3x-ui/docs/Tasktracking/2026-04-22-add-mariadb-remote-ip-access.md

Task Record

Date: 2026-04-22 Related Module: install.sh, x-ui.sh, MariaDB runtime configuration Change Type: Fix

Background

The existing MariaDB setup flow only supported local-only business accounts and default port handling. It did not provide a script path to change the local MariaDB server port or to explicitly authorize selected remote VPS IPs for worker-style access after installation.

Changes

Added reusable shell helpers in install.sh and x-ui.sh to manage local MariaDB server network settings through an override config file, including port and bind-address. Updated the local MariaDB install/switch flow to prompt for 本地 MariaDB port [3306], validate the input, apply the port to the local MariaDB server, and keep default local-only binding (127.0.0.1). Extended the x-ui.sh database management menu with local MariaDB runtime actions:

• set local MariaDB port
• view MariaDB remote access status
• enable MariaDB remote access
• disable MariaDB remote access
• view allowed remote IPs
• add allowed remote IP
• remove allowed remote IP

Remote access management now uses MariaDB per-host grants for the current business user and current business database.
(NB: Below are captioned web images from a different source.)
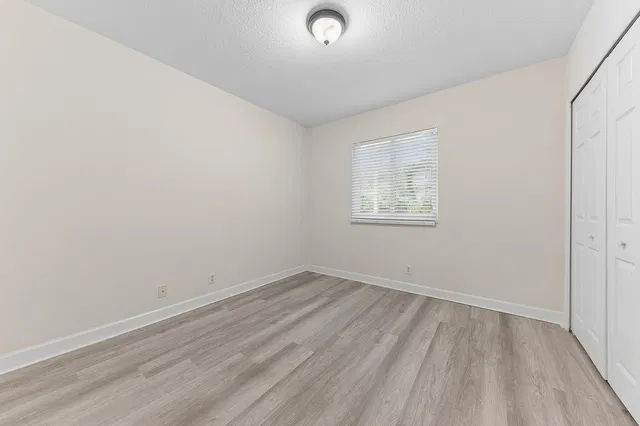 Residence photo 12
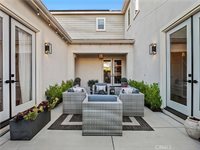 22385 Midtown Court, Saugus, CA 91350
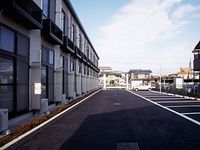 レオパレスプラシード 駐車場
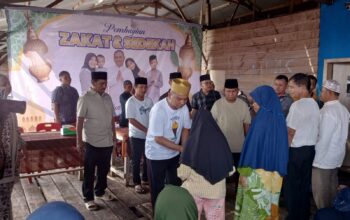 Bakhtiar Ahmad Sibarani dan Keluarga Salurkan Zakat dan Sedekah kepada 500 Warga di Sibolga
Enabling remote access switches MariaDB bind address to 0.0.0.0 and requires at least one authorized remote IP. Disabling remote access restores 127.0.0.1 and removes non-local grants for the current business user.

Impact

Affected files:

• install.sh
• x-ui.sh
• tests/mariadb_install_switch_test.sh
• docs/Tasktracking/2026-04-22-add-mariadb-remote-ip-access.md

This changes shell installer behavior, runtime shell menu behavior, and local MariaDB server configuration on hosts that use the new flow. No Go API, database schema, or frontend behavior was changed. Worker-side remote database host and port configuration continues to use the existing dbHost and dbPort settings flow.

Verification

Commands:

• bash tests/mariadb_install_switch_test.sh
• bash -n install.sh
• bash -n x-ui.sh

Result:

• All commands completed successfully.

Not verified:

• No live MariaDB install/runtime session was executed in this environment.
• No end-to-end validation against an actual remote worker VPS IP was executed in this session.

Risks And Follow-Up

The MariaDB config override path is selected from common distro include directories. On an uncommon MariaDB packaging layout, manual adjustment may still be required. This implementation restricts remote access by MariaDB host grants, not by firewall source filtering. Unauthorised source IPs should be rejected by MariaDB authentication, but the database service still listens on the configured port while remote access is enabled. If stricter network-layer isolation is required later, a follow-up can add optional per-IP firewall rules on top of the current MariaDB host-grant model.